● **Task prompt**: Could you write out exactly, and only, the lines from the one containing "Beyaz Pleksi Üzerine" through the last line of the data, leaving out all pictures?

● **Provided data**:

=== Begin Enclosure ===

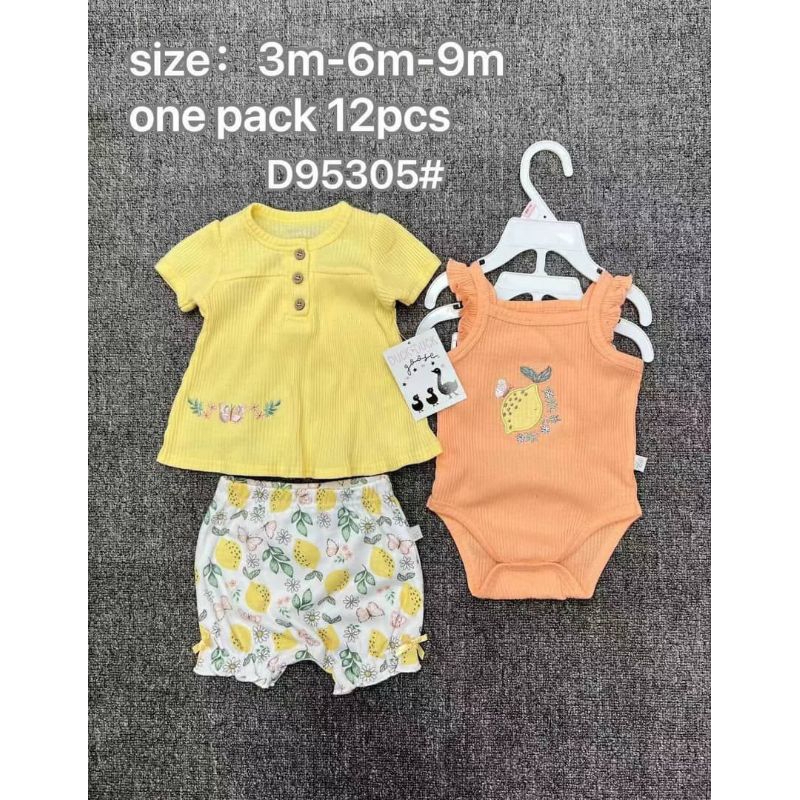 ชุดแบรนด์ 3 ชิ้น Baby Girl by Duck-Duck 03m-9m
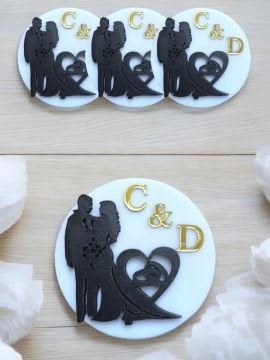 Beyaz Pleksi Üzerine Gelin Damat Hediyelik(20adet)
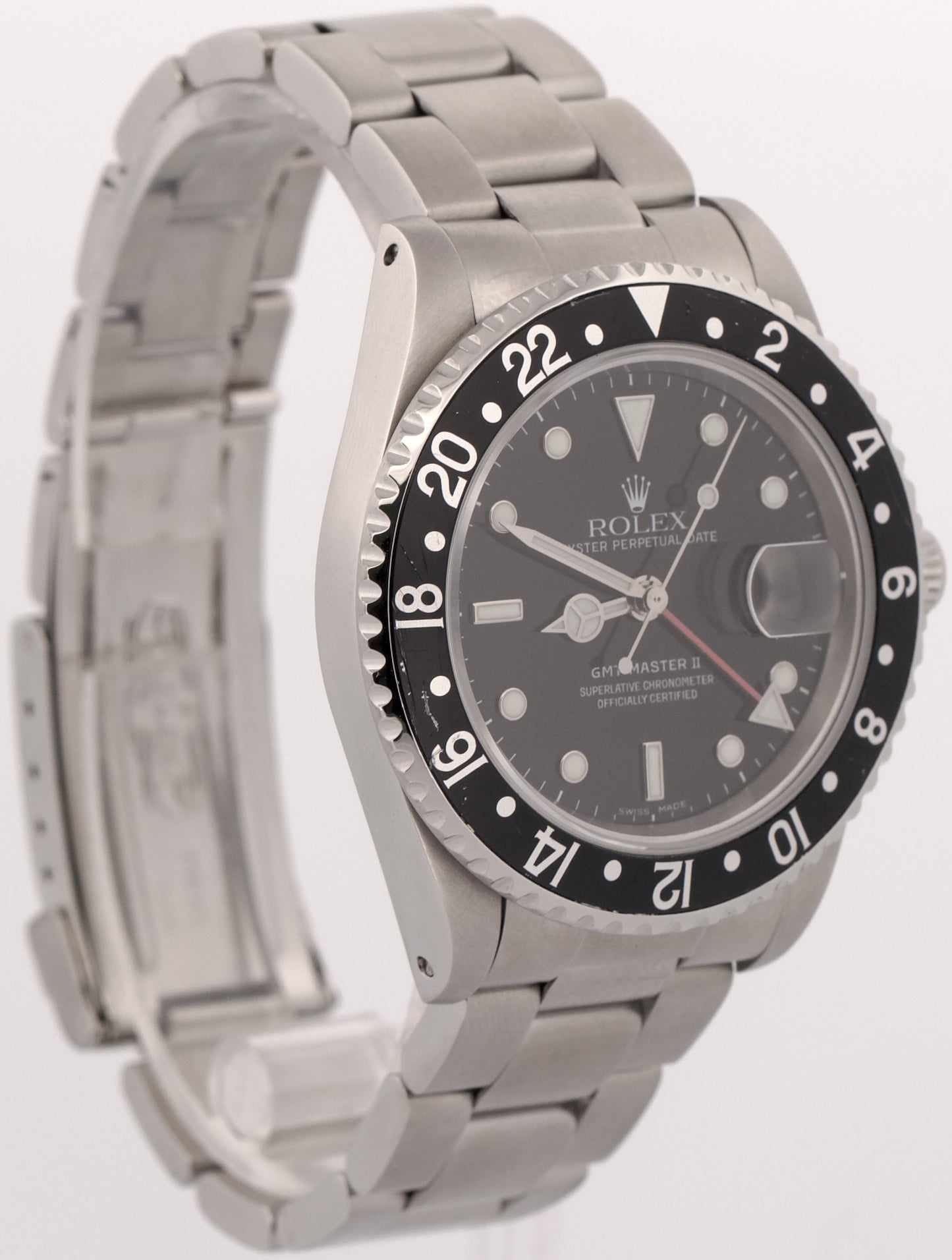 1997 PAPERS Rolex GMT-Master II BLACK Stainless Steel OYSTER 16710 Watch BOX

=== End Enclosure ===

● **Your response**:
 Beyaz Pleksi Üzerine Gelin Damat Hediyelik(20adet)
 1997 PAPERS Rolex GMT-Master II BLACK Stainless Steel OYSTER 16710 Watch BOX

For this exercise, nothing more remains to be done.